From the Fall 2010 Issue:
Letter from the Chair
Dear Students, Parents, Alumni and Friends:
I am proud to introduce the inaugural issue of Accounting Miami. This semi-annual newsletter is intended to keep you up to date on the happenings in the Department of Accounting of the University of Miami School of Business Administration. A number of changes and new initiatives are under way, in line with the School’s ambition to become an internationally recognized research institution, while maintaining its rich history of excellence in teaching and programs. These initiatives include the recruitment of new faculty to compliment an already strong core, a revived PhD program, the establishment of an Accounting Advisory Board made up of high-profile accounting professionals in the greater Miami area, as well as a newly designed masters in accounting program for UM accounting students. All of these initiatives are described in this issue of Accounting Miami.
It goes without saying that these initiatives would not be possible without the generous support of our alumni, parents, donors and friends. The ‘Cane spirit clearly runs deep, as demonstrated by the continued support we receive. I cannot count the number of alumni who have reached out in my short time here with offers to share their expertise with our students, and to ask what they can do to enhance their ability to hire our students. It is through this informal network of alumni that many of our students find employment and mentors.
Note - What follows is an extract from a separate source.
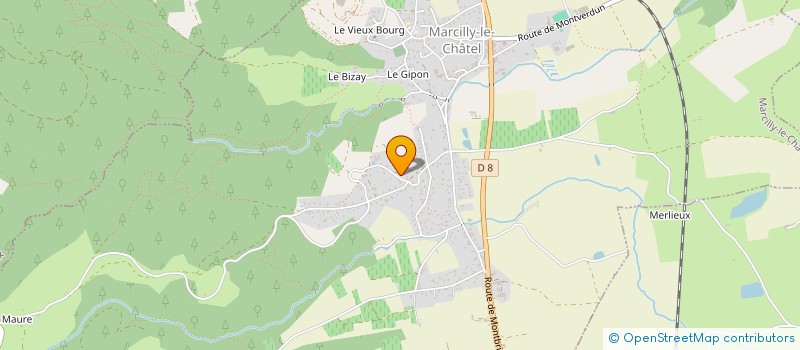 localisation de l'entreprise 2M.S  MARCILLY-LE-CHATEL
In addition, we are experiencing increased giving even in these difficult economic times, highlighted by significant giving for accounting scholarships, accounting research and departmental initiatives.
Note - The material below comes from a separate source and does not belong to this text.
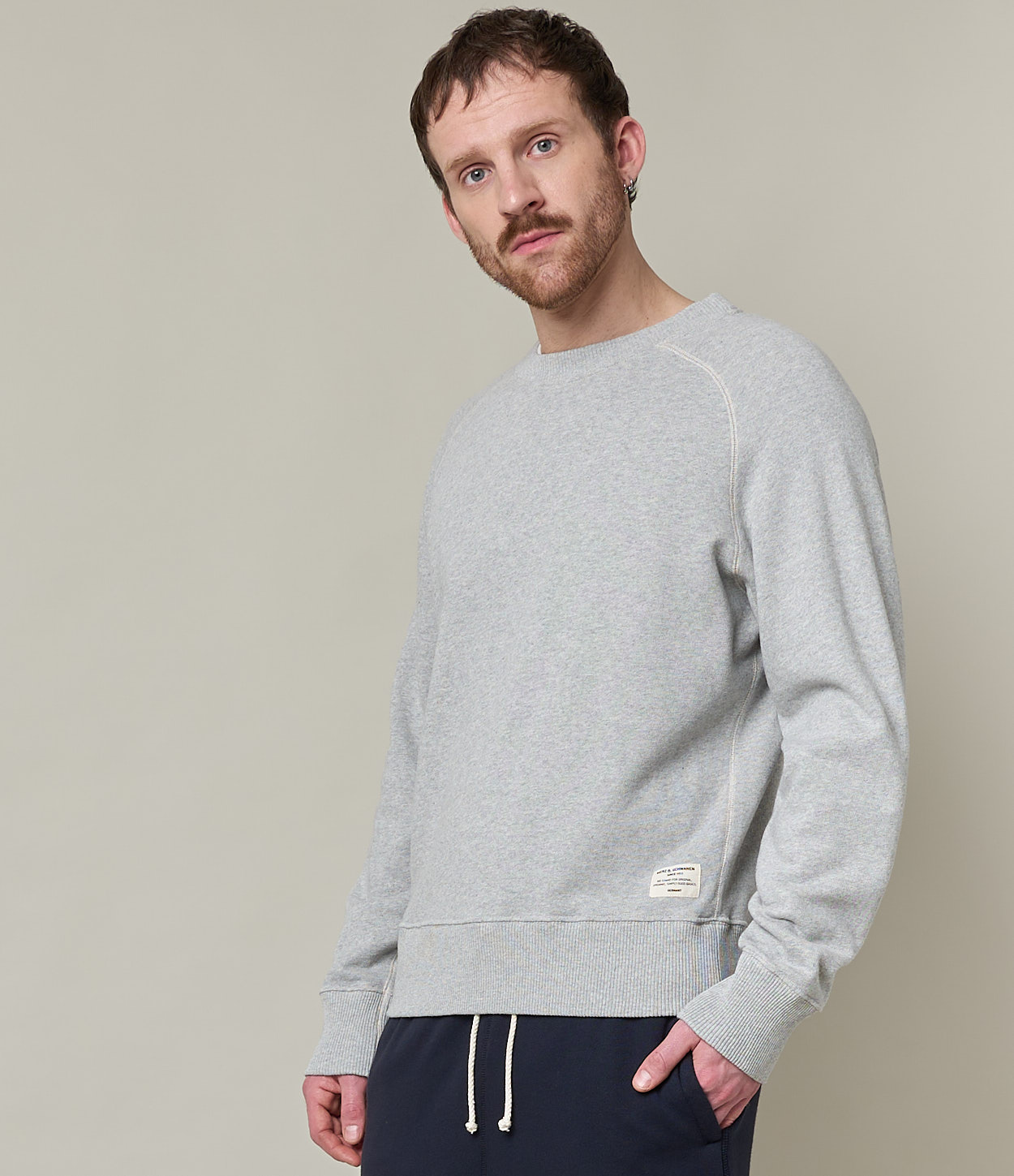 Grey Men Merz B. Schwanen RGSW01 Sweatshirts | MERZ7951346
Accounting Miami provides continuing coverage of all of these initiatives, as well as important news relating to our faculty, students and programming. Additionally, each issue features research conducted by our faculty. What can you expect to see in our studies? Generally speaking, accounting professors tend to study how economic incentives or psychological biases influence either the reporting of accounting information or the way accounting information is interpreted by financial intermediaries (e.g., analysts), auditors or investors. Other accounting research considers the ways in which accounting numbers are used in the design of incentive compensation contracts. You’ll see research of all types by faculty in our department.